### Correlation plots

Read counts in overlapping peaks (DRIPc, ChIP, RNA-seq)

In [None]:
from pathlib import Path

import numpy as np
import pandas as pd

import matplotlib.pyplot as plt
import matplotlib as mpl
import seaborn as sns

from scipy.stats import pearsonr

In [None]:
# Make SVG text as font not as curves
mpl.rcParams['svg.fonttype'] = 'none'

mpl.rcParams['font.sans-serif'].insert(0, 'Arial')
mpl.rcParams['font.family'] = 'sans-serif'

In [None]:
# If one doesn't want to save, every time all the cells are run, set to False
SAVE_FIGS = True

In [None]:
# Path to a directory with bam stats files (generated with `samtools stats`)
SRC_DIR_PATH = Path(r"/path/to/data/bam")
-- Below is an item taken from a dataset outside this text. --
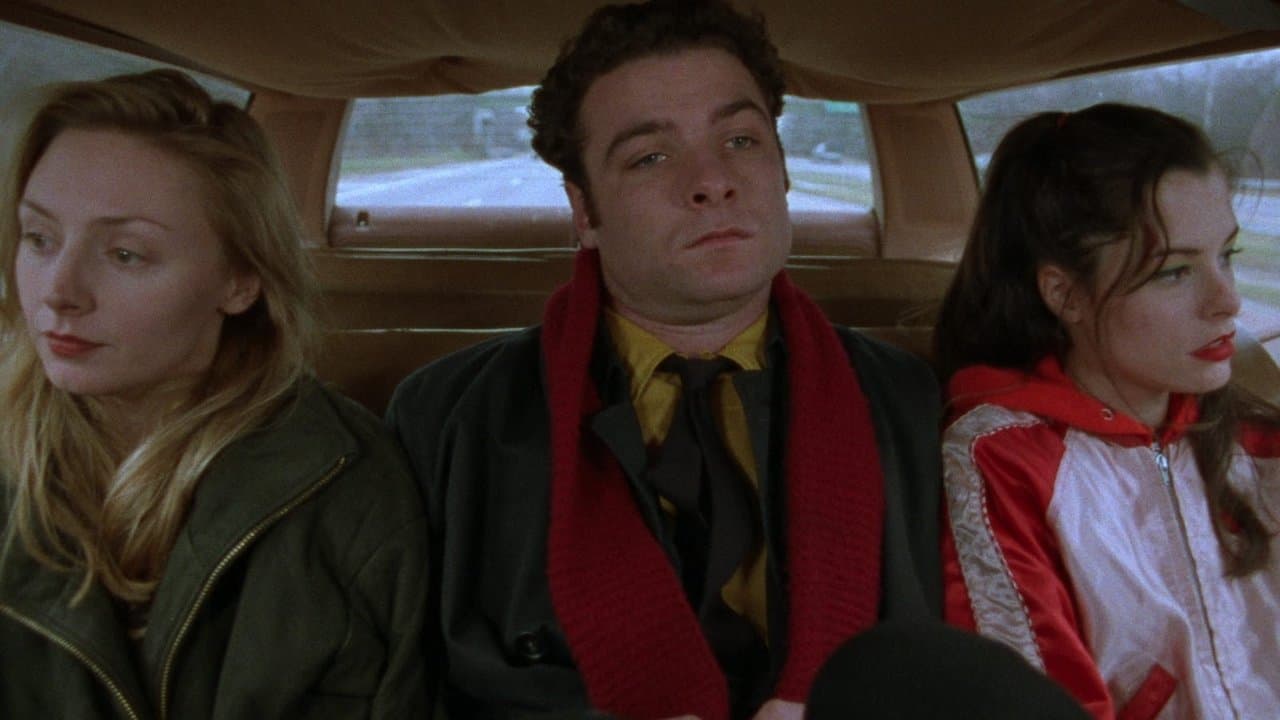 The Daytrippers backdrop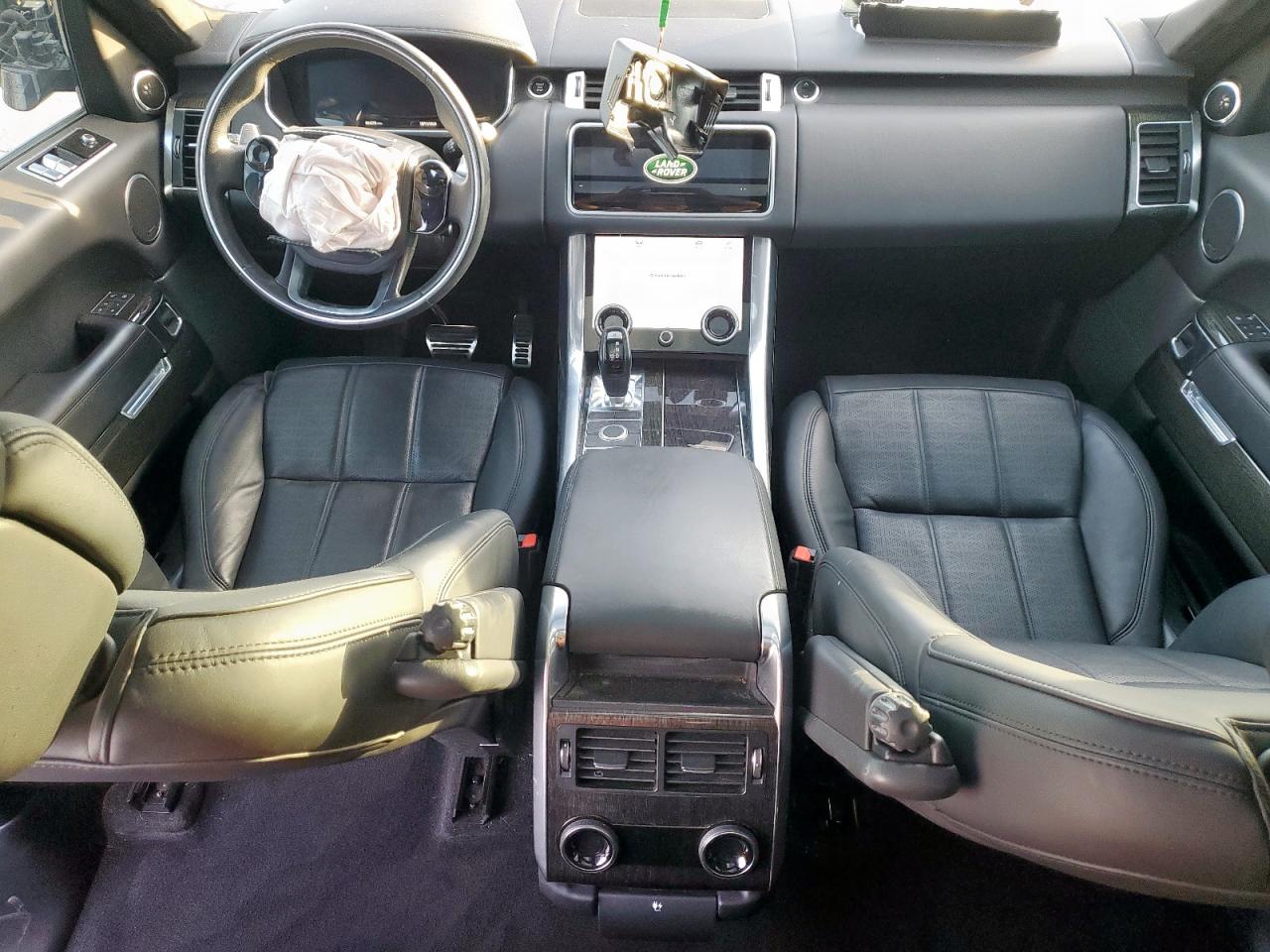 2019 Land Rover Range Rover Sport Supercharged Autobiography VIN: SALWV2RE0KA840422 Lot: 92986655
DEST_DIR_PATH = Path(r"/path/to/data/bam")

##### Get the number of mapped and paired reads (fragments) from '.stats' files and calculate size factors.
One can generate a dict with the size factors of all libraries handled in the project.

In [None]:
def get_mapped_reads_count(file_name: str) -> int:
    with open(file_name, mode='r') as f:
        for line in f.readlines():
            if line.startswith('#'):
                continue
            elif line.startswith('SN'):
                data = line.split('\t')
                if data[1].strip() == 'reads mapped and paired:':
                    return int(data[2].strip())

Generate a dictionary with sample names and library sizes.

The sample name is derived from the .stat file name.

In [None]:
mapped_reads = {}
for file_path in SRC_DIR_PATH.glob("*.stats"):
    file_name = file_path.stem
    reads_count = get_mapped_reads_count(file_path)
    print(f"{file_name}: {reads_count}")
    mapped_reads[file_name] = reads_count

Get size factors

In [None]:
size_factors = {}
for sample, reads in mapped_reads.items():
    size_factors[sample_name] = reads/1e6

In [None]:
# size_factors

Now we have a dictionary with sample file name and the library size factors.

In [None]:
chromosomes = ['chr1', 'chr2', 'chr3', 'chr4', 'chr5', 'chr6', 
               'chr7', 'chr8', 'chr9', 'chrM', 'chrX', 'chrY', 
               'chr10', 'chr11', 'chr12', 'chr13', 'chr14', 
               'chr15', 'chr16', 'chr17', 'chr18', 'chr19', 
               'chr20', 'chr21', 'chr22']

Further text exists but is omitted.